C++ short questions. if you can provide an exmaple to understand its better The

ID: 662902 • Letter: C

Question

C++ short questions. if you can provide an exmaple to understand its better

The key aspects of object oriented programming (OOP) that makes it easier to develop extensible systems are dynamic binding and polymorphism. (a) Explain how these two aspects of OOP are used to make an OO design more flexible. (b) What must a designer do, when inheriting from a base class, to ensure that this flexibility is maintained? (c) Describe what features of C++ must be used to make use of dynamic binding and polymorphism.

Explanation / Answer

Inheritance is not just a module combination and enrichment mechanism. It also enables the definition of flexible entities that may become attached to objects of various forms at run time, a property known as polymorphism.

Assume for example a class POLYGON , describing polygons, whose features include an array of points representing the vertices and a function perimeter which computes a polygon's perimeter by summing the successive distances between adjacent vertices. An heir of POLYGON may begin as:

class RECTANGLE inherit

POLYGON redefine perimeter end

feature -- Specific features of rectangles, such as:

side1: REAL; side2: REAL

perimeter: REAL is

-- Rectangle-specific version

do Result := 2 * (side1 + side2) end

... Other RECTANGLE features ...

Here it is appropriate to redefine perimeter for rectangles as there is a simpler and more efficient algorithm. Note the explicit redefine subclause (which would come after the rename if present).

Other descendants of POLYGON may also have their own redefinitions of perimeter . The version to use in any call is determined by the run-time form of the target. Consider the following class fragment:

p: POLYGON; r: RECTANGLE

... create p; create r; ...

if c then

p := r

end

print (p . perimeter)

The polymorphic assignment p := r is valid because of the above rule.

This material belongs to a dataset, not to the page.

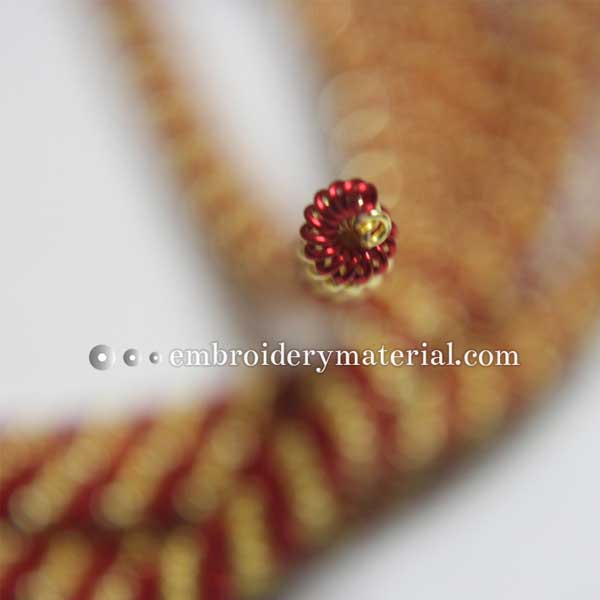 Double Twisted French Wire in Gold/Ruby Red Colour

If condition c is false, p will be attached to an object of type POLYGON for the computation of p . perimeter , which will thus use the polygon algorithm. In the opposite case, however, p will be attached to a rectangle; then the computation will use the version redefined for RECTANGLE . This is known as dynamic binding .

Dynamic binding provides a high degree of flexibility. The advantage for clients is the ability to request an operation (such as perimeter computation) without explicitly selecting one of its variants; the choice only occurs at run-time. This is essential in large systems, where many variants may be available; dynamic binding protects each component against changes in other components.

This technique is particularly attractive when compared to its closest equivalent in traditional approaches, where you would need records with variant components, or union types (C), together with case(switch) instructions to discriminate between variants. This means that every client must know about every possible case, and that any extension may invalidate a large body of existing software.

The combination of inheritance, feature redefinition, polymorphism and dynamic binding supports a development mode in which every module is open and incremental. When you want to reuse an existing class but need to adapt it to a new context, you can define a new descendant of that class (with new features, redefined ones, or both) without any change to the original. This facility is of great importance in software development, an activity that -- by design or circumstance -- is invariably incremental.

b) To maintain flexibility of design ,desginer should inherit only from abstract classes, since they usually provide little or no implementation.

c)Following features should be used to make use of dynamic binding and polymorphism:

i) Virtual Function:

A virtual function is a function in a base class that is declared using the keyword virtual. Defining in a base class a virtual function, with another version in a derived class, signals to the compiler that we don't want static linkage for this function.

What we do want is the selection of the function to be called at any given point in the program to be based on the kind of object for which it is called. This sort of operation is referred to as dynamic linkage, or late binding.

ii) Pure Virtual functions:

It's possible that you'd want to include a virtual function in a base class so that it may be redefined in a derived class to suit the objects of that class, but that there is no meaningful definition you could give for the function in the base class.